The line containing "Aotearoa Iwi Waikato" marks the end; write out exactly every line from the start of the data up to and including it, without the pictures.

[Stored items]
=======
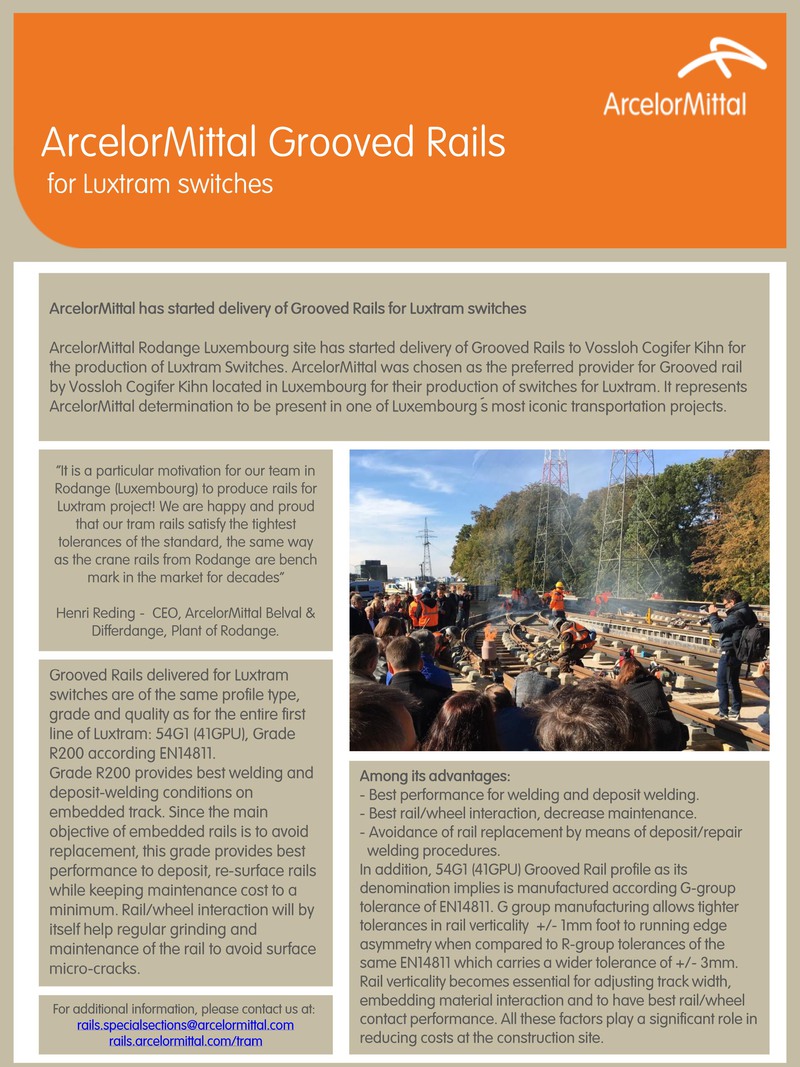 ArcelorMittal Grooved Rails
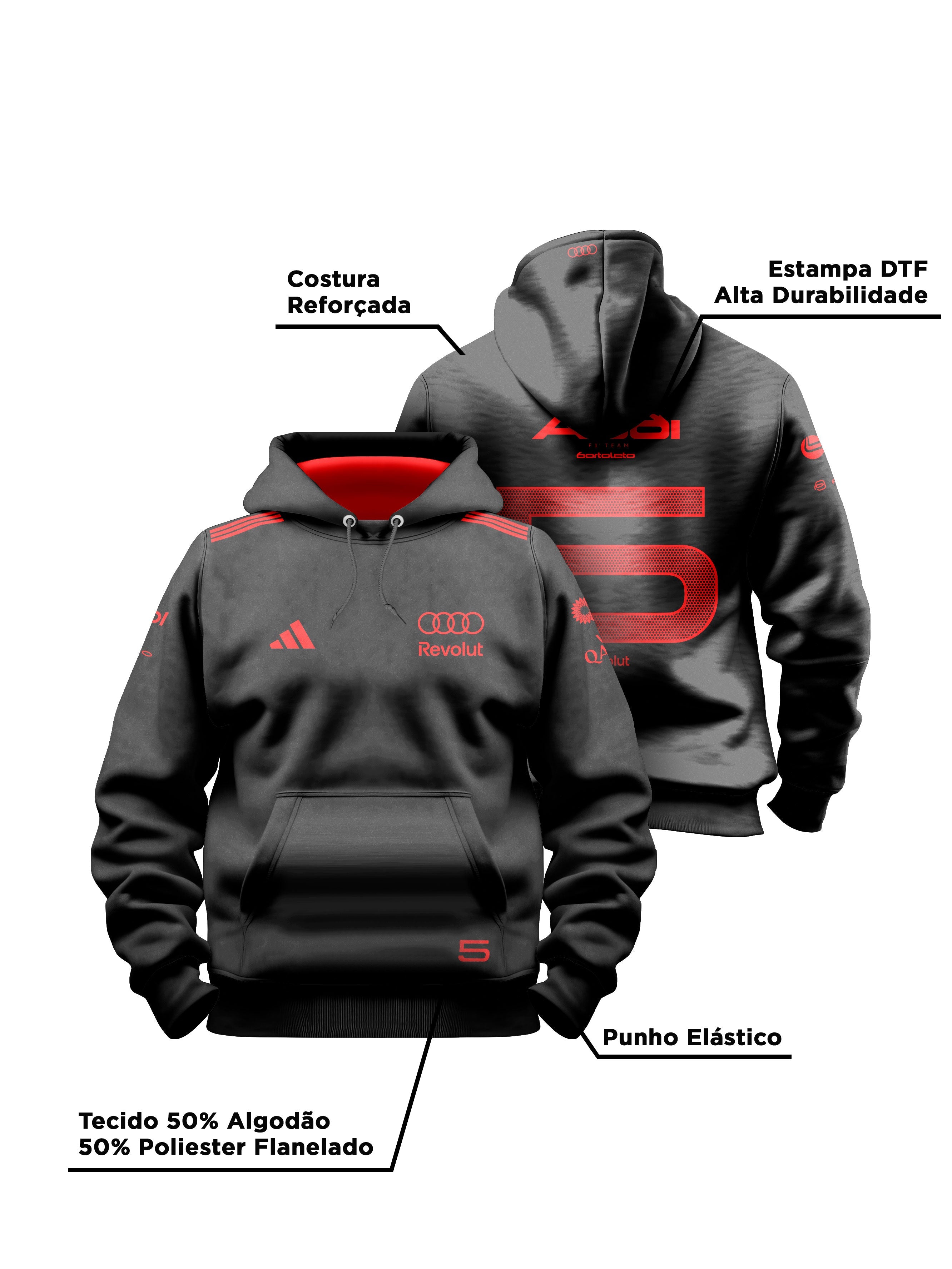 Gabriel Bortoleto Red&Black Audi F1 2026 Black Hoodie
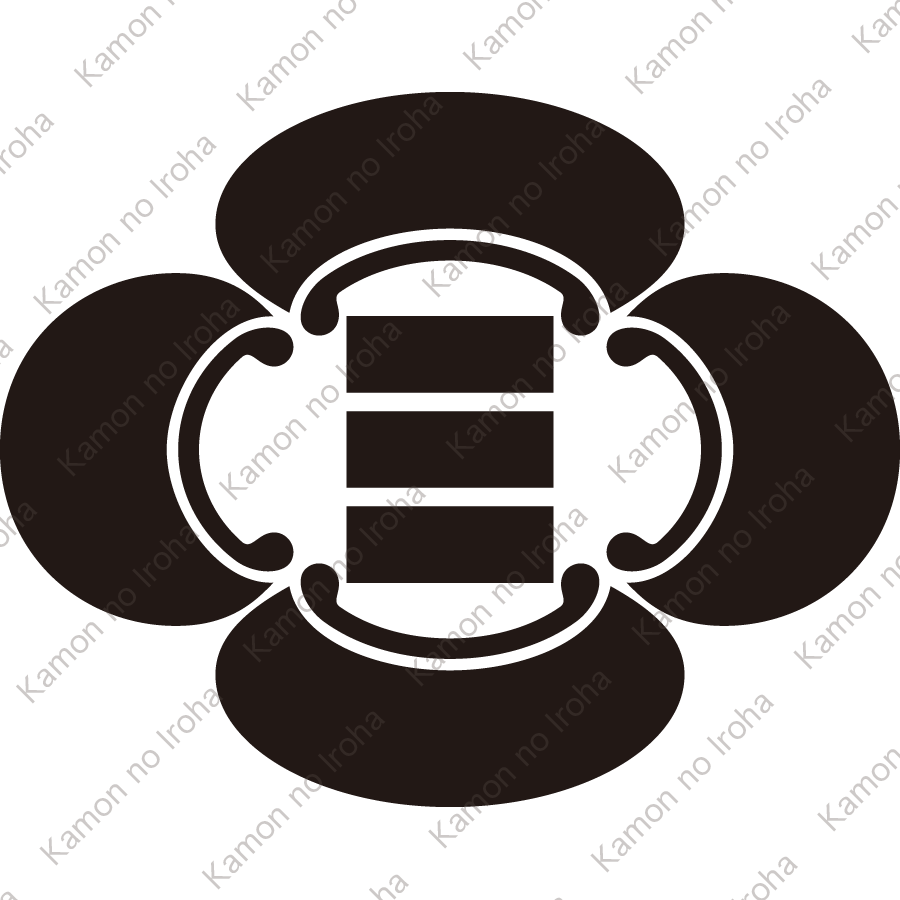 木瓜内に三つ引き紋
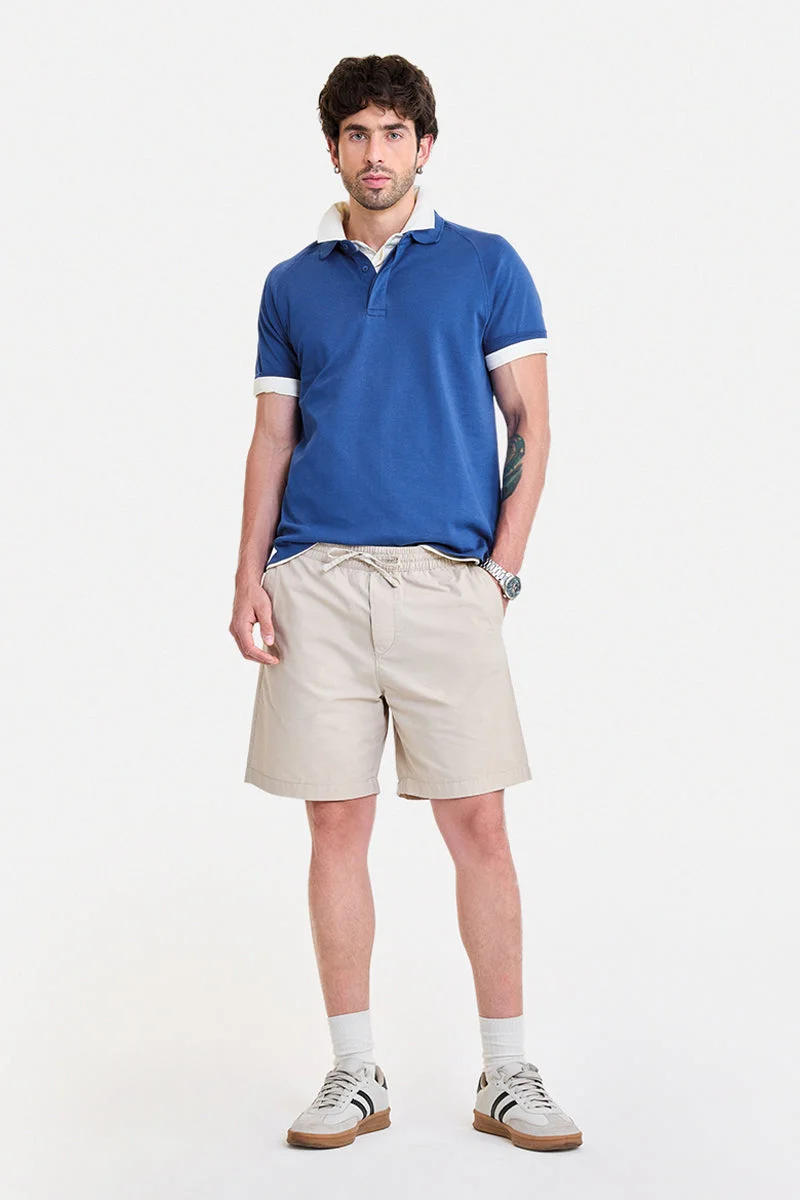 سنيتش Blue Solid Half Sleeve Regular Fit Core Lab T-Shirt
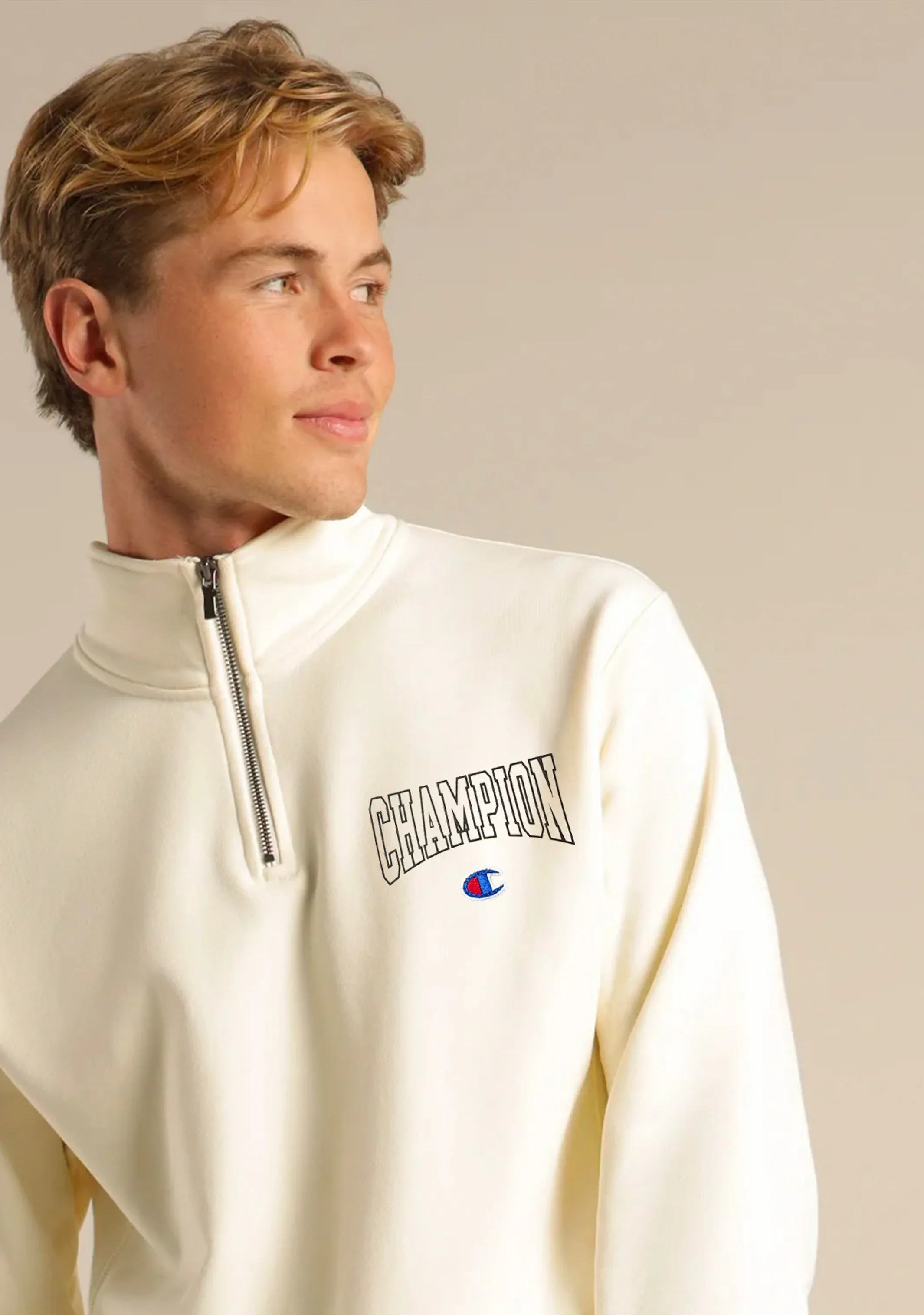 Champion Herren Rochester Grafik Viertelzip <br> AUDJN LMS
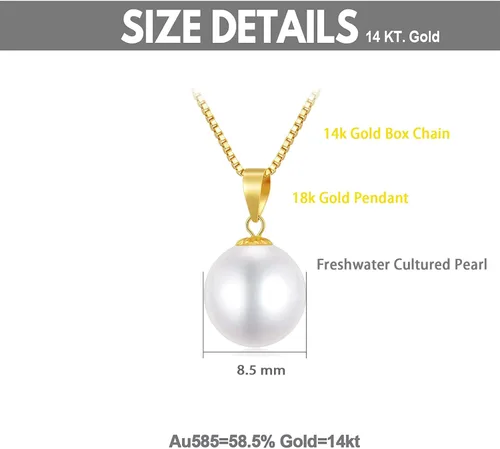 Vista 5 de 18k Gold Pearl Pendant with 14k Gold Box Chain Necklaces for Women Jewelry Gifts for MotherWife Christmas Present for Her 18 Inch 9 mm Freshwater
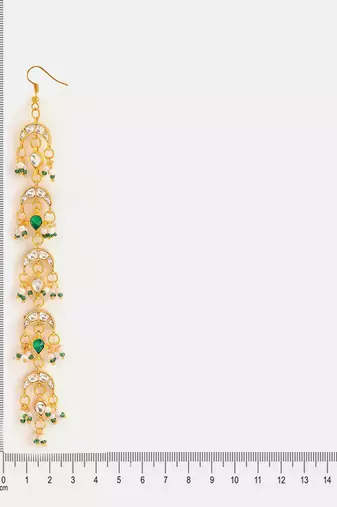 Gold plated kundan green stone parandi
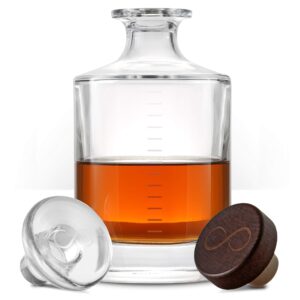 whiskey infinity decanter - cairn craft glass whisky & liquor bottle and stopper (1l capacity with 2oz markings)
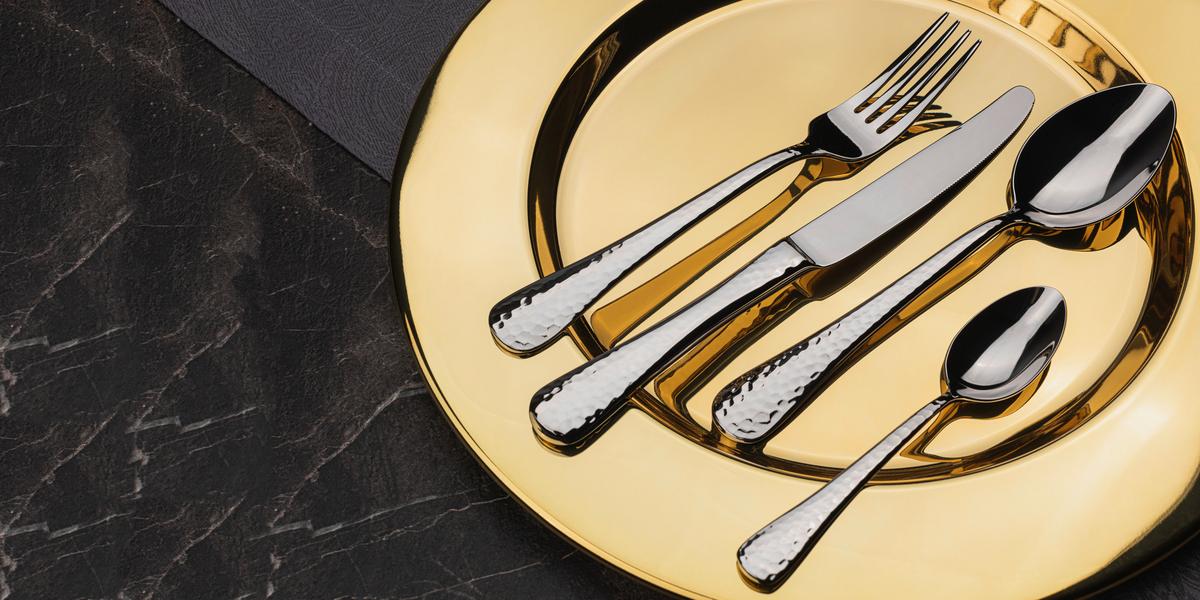 ZESTAW SZTUĆCÓW BG-5215-MM - kolor stalowy, Trend, metal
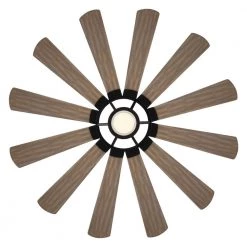 Wyndmill 65 in. 12-Blade Smart Matte Black Barn Wood Ceiling Fan 3000K Integrated LED and Remote Control by Modern Forms -Spitzer Sales Store matte black barn wood modern forms ceiling fans with lights fr w2201 65l mb bw 1f 1000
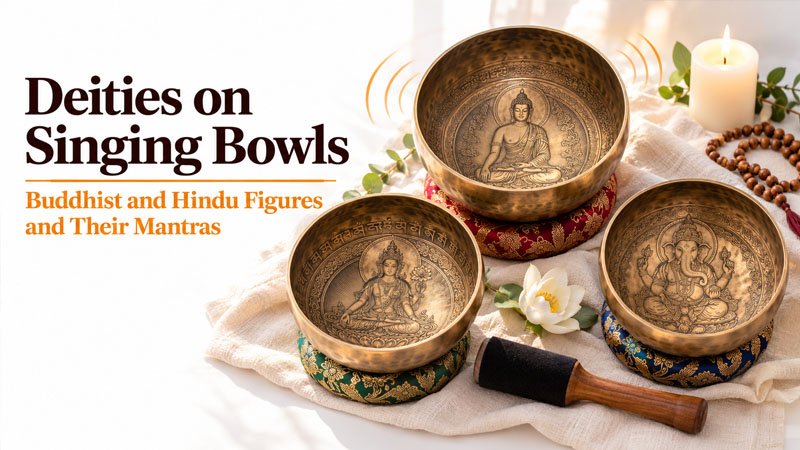 Deities on Singing Bowls - Buddhist and Hindu Figures and Their Mantras
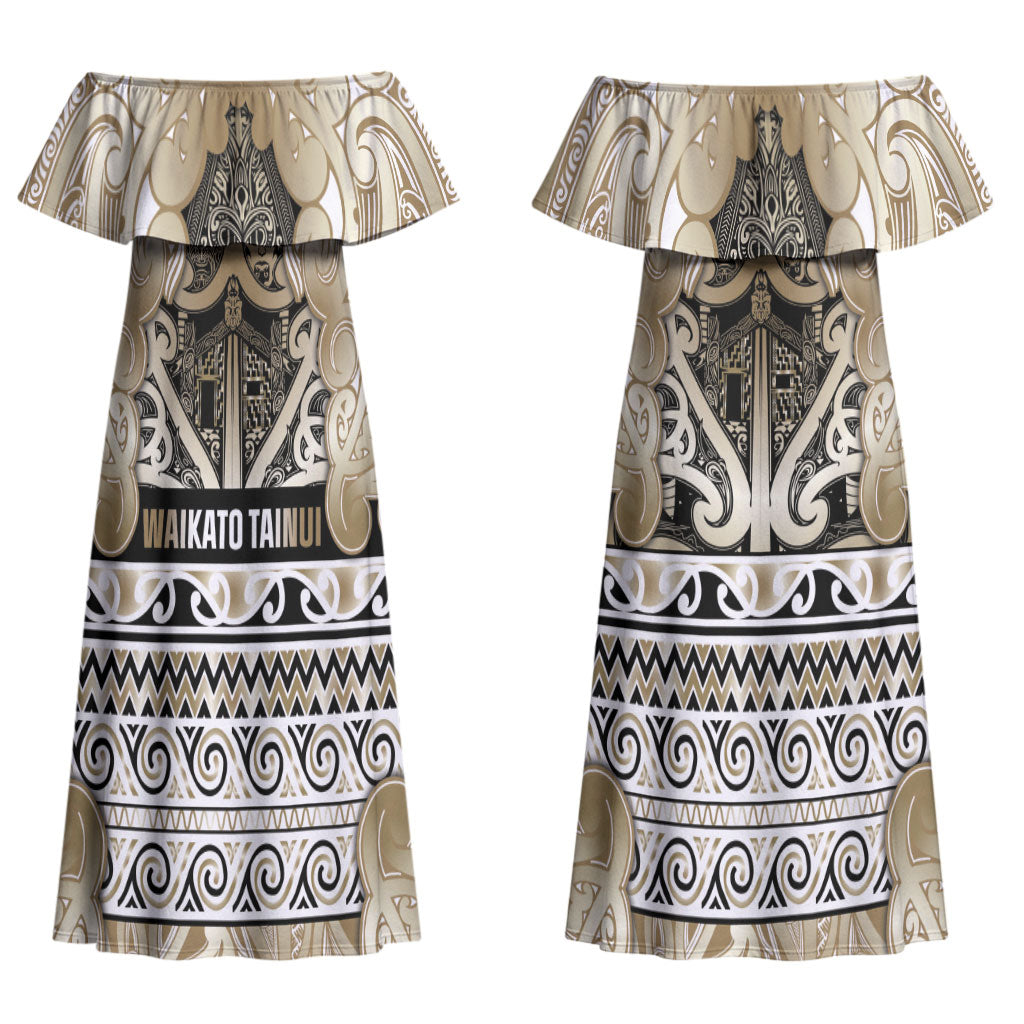 Aotearoa Iwi Waikato Tainui Couples Matching Off Shoulder Maxi Dress and Hawaiian Shirt Maori Wharenui House Tribal Pattern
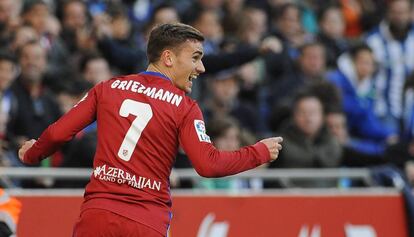 Griezmann celebra un gol ante el Espanyol en Liga.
=======
> Your solution
 ArcelorMittal Grooved Rails
 Gabriel Bortoleto Red&Black Audi F1 2026 Black Hoodie
 木瓜内に三つ引き紋
 سنيتش Blue Solid Half Sleeve Regular Fit Core Lab T-Shirt
 Champion Herren Rochester Grafik Viertelzip <br> AUDJN LMS
 Vista 5 de 18k Gold Pearl Pendant with 14k Gold Box Chain Necklaces for Women Jewelry Gifts for MotherWife Christmas Present for Her 18 Inch 9 mm Freshwater
 Gold plated kundan green stone parandi
 whiskey infinity decanter - cairn craft glass whisky & liquor bottle and stopper (1l capacity with 2oz markings)
 ZESTAW SZTUĆCÓW BG-5215-MM - kolor stalowy, Trend, metal
 Wyndmill 65 in. 12-Blade Smart Matte Black Barn Wood Ceiling Fan 3000K Integrated LED and Remote Control by Modern Forms -Spitzer Sales Store matte black barn wood modern forms ceiling fans with lights fr w2201 65l mb bw 1f 1000
 Deities on Singing Bowls - Buddhist and Hindu Figures and Their Mantras
 Aotearoa Iwi Waikato Tainui Couples Matching Off Shoulder Maxi Dress and Hawaiian Shirt Maori Wharenui House Tribal Pattern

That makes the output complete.